* _Crawled caption data_
━━━━━━━━━━━━━━━━
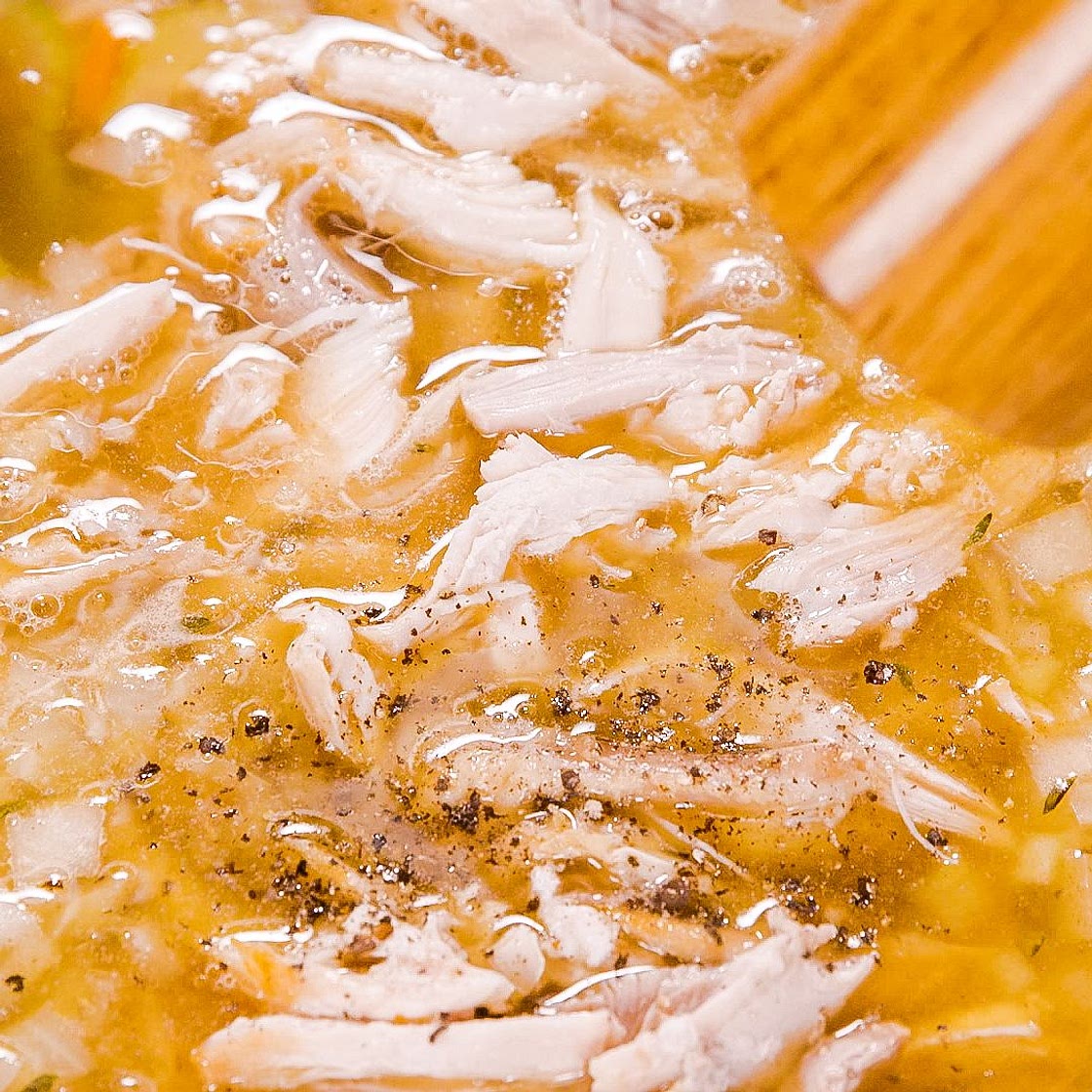 Chicken Noodle Soup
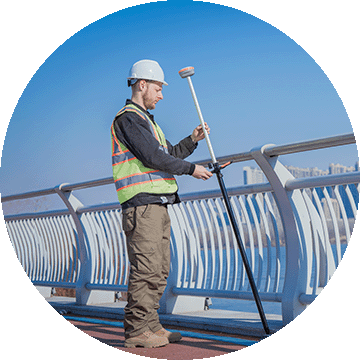 衛星定位儀 i76 GNSS 衛星定位儀 i76 GNSS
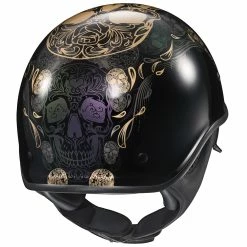 Scorpion EXO-C90 Kalavera Half Helmet 5 Scorpion EXO-C90 Kalavera Half Helmet -100 Percent Shop 59636 25998.1661286550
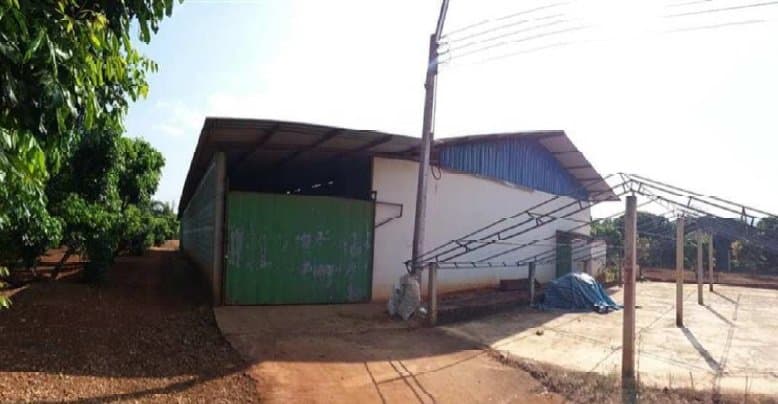 โกดัง พร้าว-เชียงใหม่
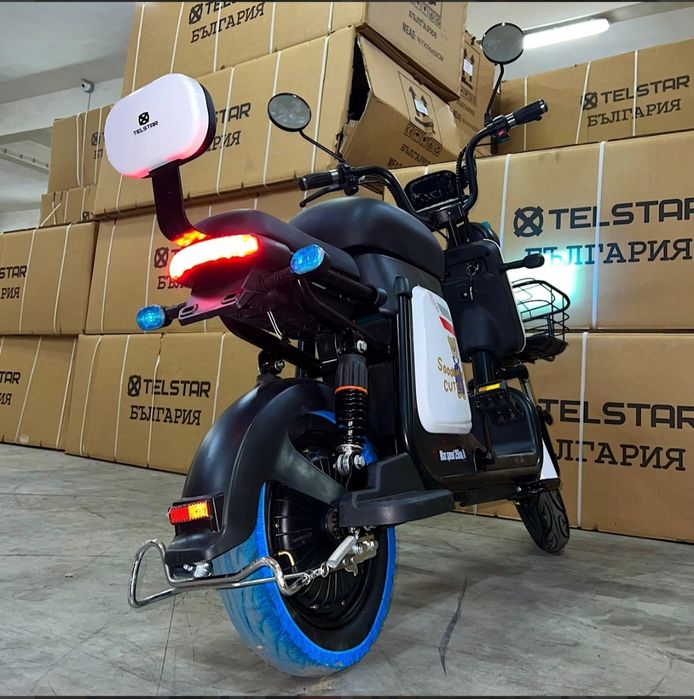 Scuter electric 1200W ! Fara permis! Posibilitate rate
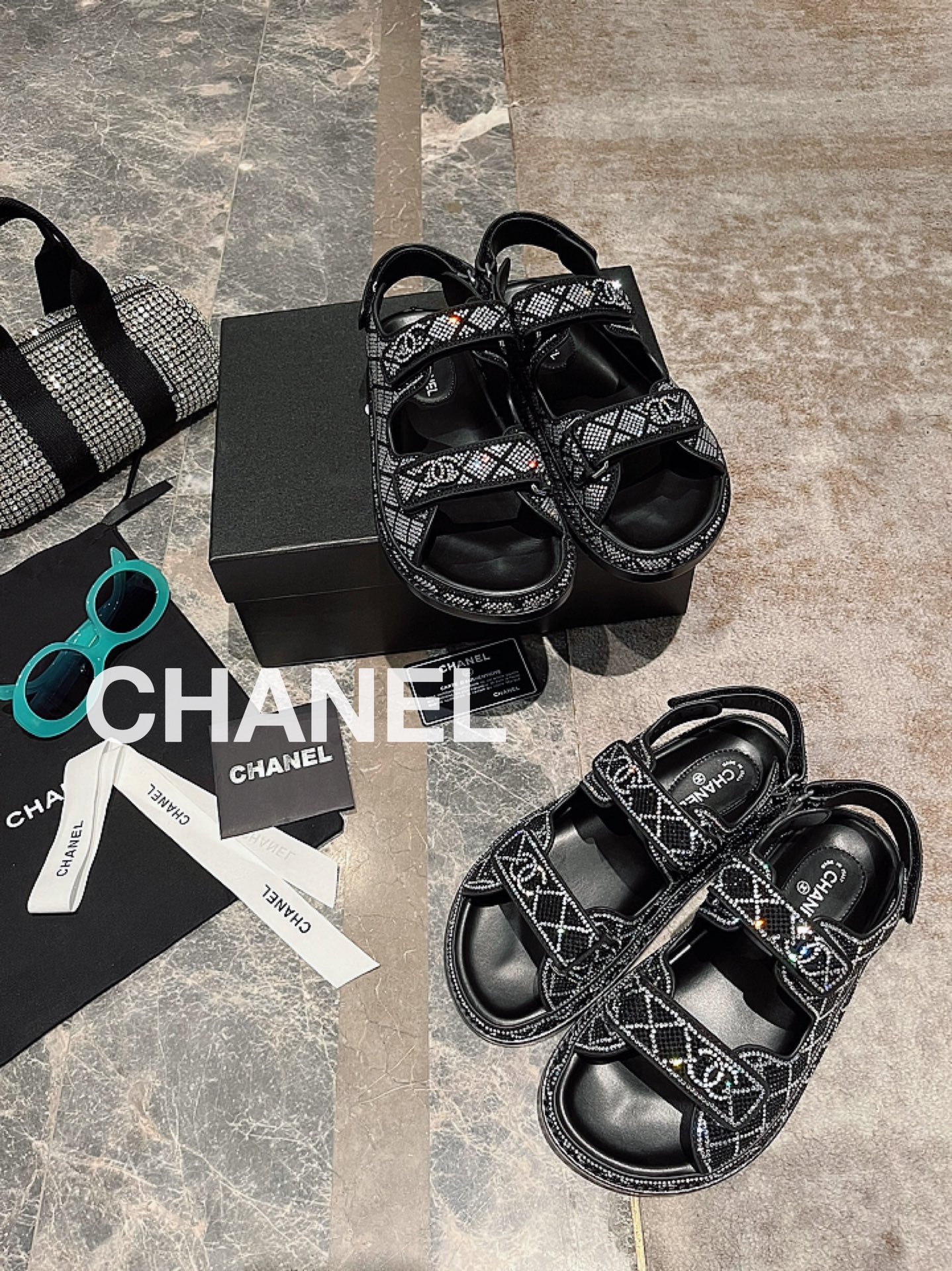 Chanel shoes 012 XM 083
━━━━━━━━━━━━━━━━
* _What to work on_
Before answering, please find the line containing "Scuter electric 1200W" above, then copy exactly from it through the last line of the entries, both included, without pictures.

* _Output of the exercise_
 Scuter electric 1200W ! Fara permis! Posibilitate rate
 Chanel shoes 012 XM 083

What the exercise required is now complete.